Day 8 — Gemu – Hagala Pass (4,790 m) – Anjiu village (4,200 m) – Litang
One more pass — Hagala at about 4,790 metres — down to Anjiu at around 4,200 metres, and out by road to Litang.
Day 9 — Litang – Kangding – Chengdu
The long road home, unwinding the altitude in reverse, the basin warmth rising to meet us as we descend.

Know before you go
- When to come: July and August for the alpine flower bloom across the meadows and slopes — but this is also the western Sichuan rainy season, when a single day can swing through cloud, rain and sun. Early autumn brings more settled, clear weather and is the other good window. Either way, come ready for cold and wet.
- How hard: Challenging (4/5). You will spend almost the entire trek above 4,000 metres and cross several passes near and above 5,000 metres, with a high point around 4,980 metres. Altitude is the real risk here. We deliberately drive up from Chengdu's ~500 metres and sleep at progressively higher places — Litang and the camps — so the body can acclimatise; there is no flying straight into the high country.
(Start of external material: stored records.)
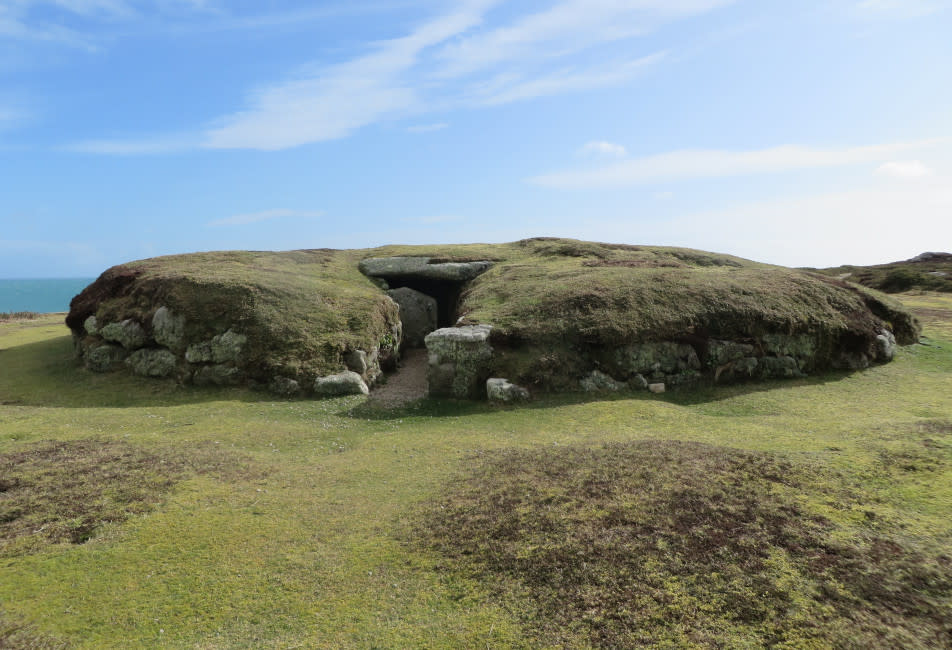 IOS Nav Landscape Large - Blog - Scilly Hidden's History - Porth Hellick - Katharine Sawyer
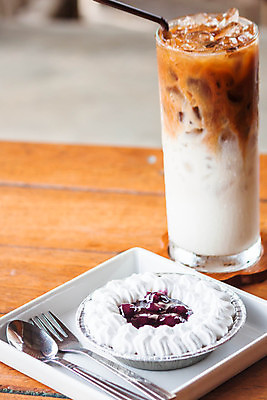 포토 JPG 해외이미지 접시 커피 과일 유리 디저트 치즈 사탕 요리 사람없음 컵 빛 케이크 식당 식사 빵집 흰색 신선 고급 맛 설탕 먹기 크림 블루베리 레시피 에스프레소 건포도 라떼 저지방 타르트 페스츄리 해로움 핸드메이드 해외202004 해외포토 식기 음료 음식 빵 컬러 컨셉 모션 재질 포도 유제품 상점 기름_음식 파이_빵 건과일 파일형식 이미지허브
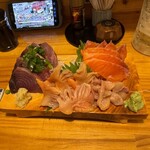 魚善 - カツオ　赤貝　サーモン　刺身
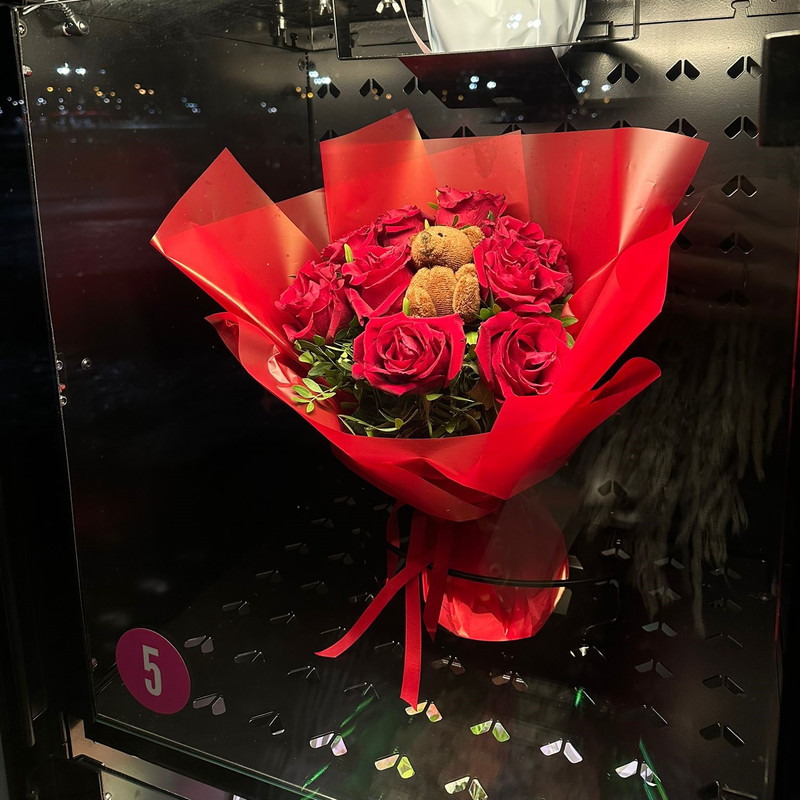 Bukiet czerwona róża z misiem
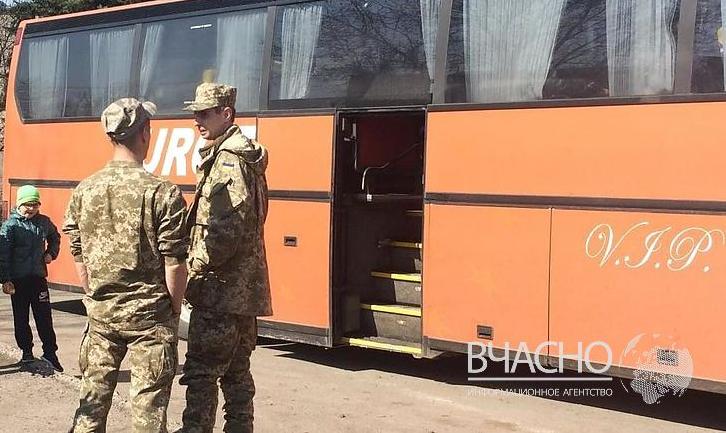 Стаття ВРУ підтримала підвищення штрафів за відмову безкоштовно перевозити бійців АТО Ранкове місто. Донбас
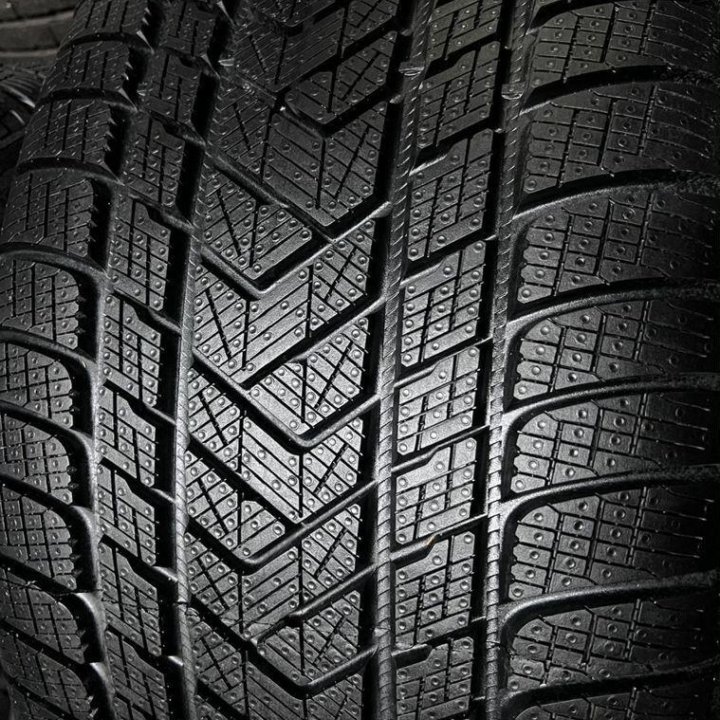 Pirelli Scorpion Winter 325/35 R22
If you have any heart, lung or altitude-related condition, consult your doctor before committing.
- Guide or solo: Honestly, this is not a route to wander into alone. It is remote, the navigation across passes and braided valleys is not obvious, mobile signal is weak to absent in the inner valleys, and rescue is slow and far away. The trek is run by a licensed local operator with Tibetan guides who know the ground; Inglite supports foreign clients in English so language is not a barrier. The mountains have killed experienced climbers — going supported here is respect, not weakness.
FAQ
Do I need previous high-altitude experience? Prior trekking experience helps and basic fitness is essential, but the decisive factor is how your body handles altitude, not technical skill — there is no climbing or rope work. The graduated drive-up is built in precisely to give you the best chance of adapting.
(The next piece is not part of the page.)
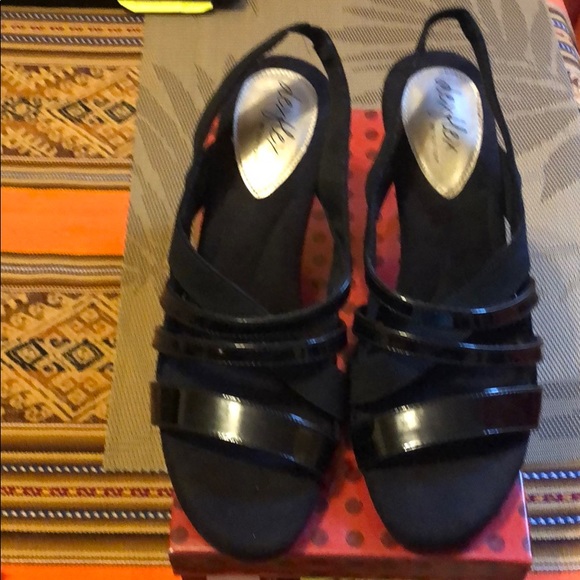 Black straps woman Open toe heels. - Picture 5 of 8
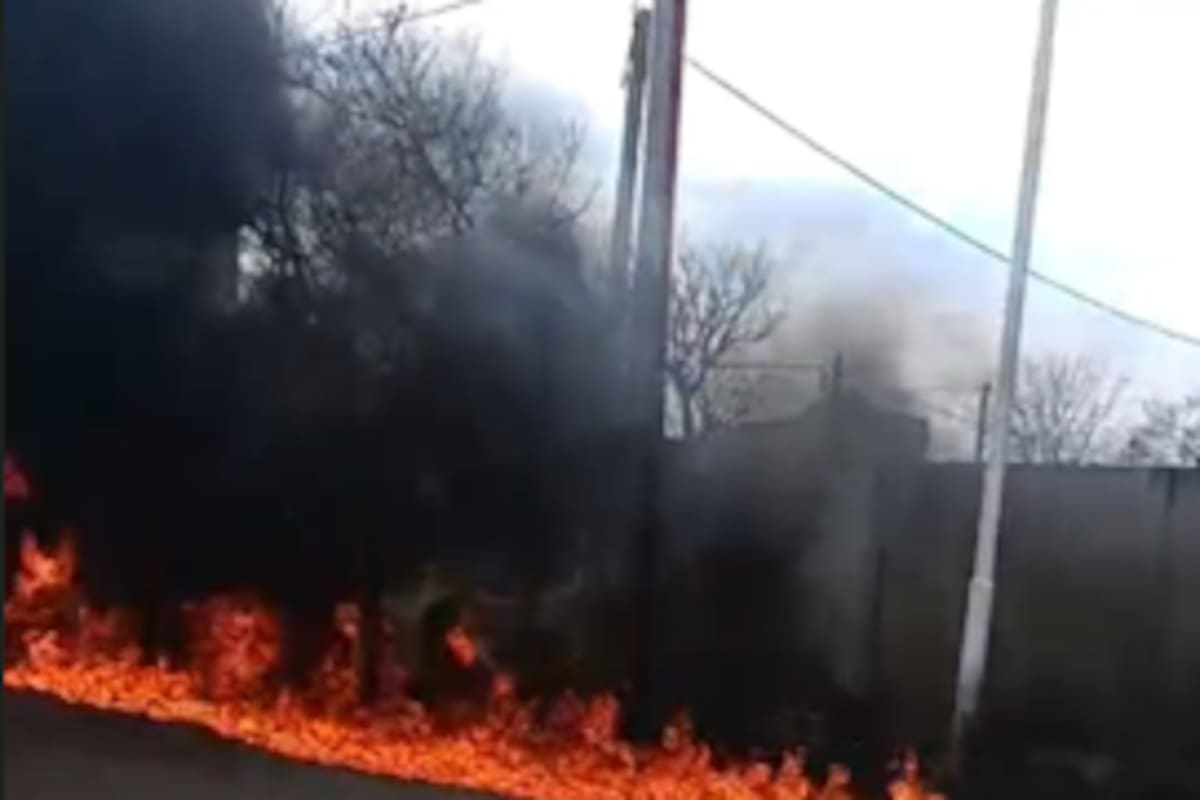 El fuego alcanzó a cinco viviendas pero no se registraron víctimas fatales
How cold and wet will it get? Plan for sub-freezing nights at the high camps even in summer, and for rain or sleet at any time in July–August. Waterproof layers and protection against hypothermia matter as much as warmth; early autumn is drier but still cold up high.
Is there phone signal or electricity along the way? Expect little to none in the inner valleys around the monastery and the high camps. The area is remote and, by a 2019 account, largely off-grid, though roads and development are advancing quickly, so coverage may differ season to season. Treat the trek as genuinely disconnected and tell people at home you will be out of contact.
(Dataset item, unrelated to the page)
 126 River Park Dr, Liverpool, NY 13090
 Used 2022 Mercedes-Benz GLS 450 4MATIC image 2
What about altitude sickness — what if it hits me? It is the most common problem on this route. The itinerary's slow ascent profile is the first defence; beyond that, your guide watches the group, and the only reliable treatment for serious symptoms is descent, which is why being on a supported trip in this terrain matters.
Can I see the Eye of Genyen and the wildflowers on the same trip? The summer window gives the best chance of both — the flowers peak in July and August, and the Eye is a seasonal tarn that fills and greens up later in the season, so timing varies year to year. Early autumn trades some flowers for steadier skies.
Will I have time at the monasteries? The route passes the new Lenggu Monastery and crosses passes marked by prayer flags and cairns. These are active places of worship, not exhibits — walk clockwise, ask before photographing people, and give the sites the quiet they're owed.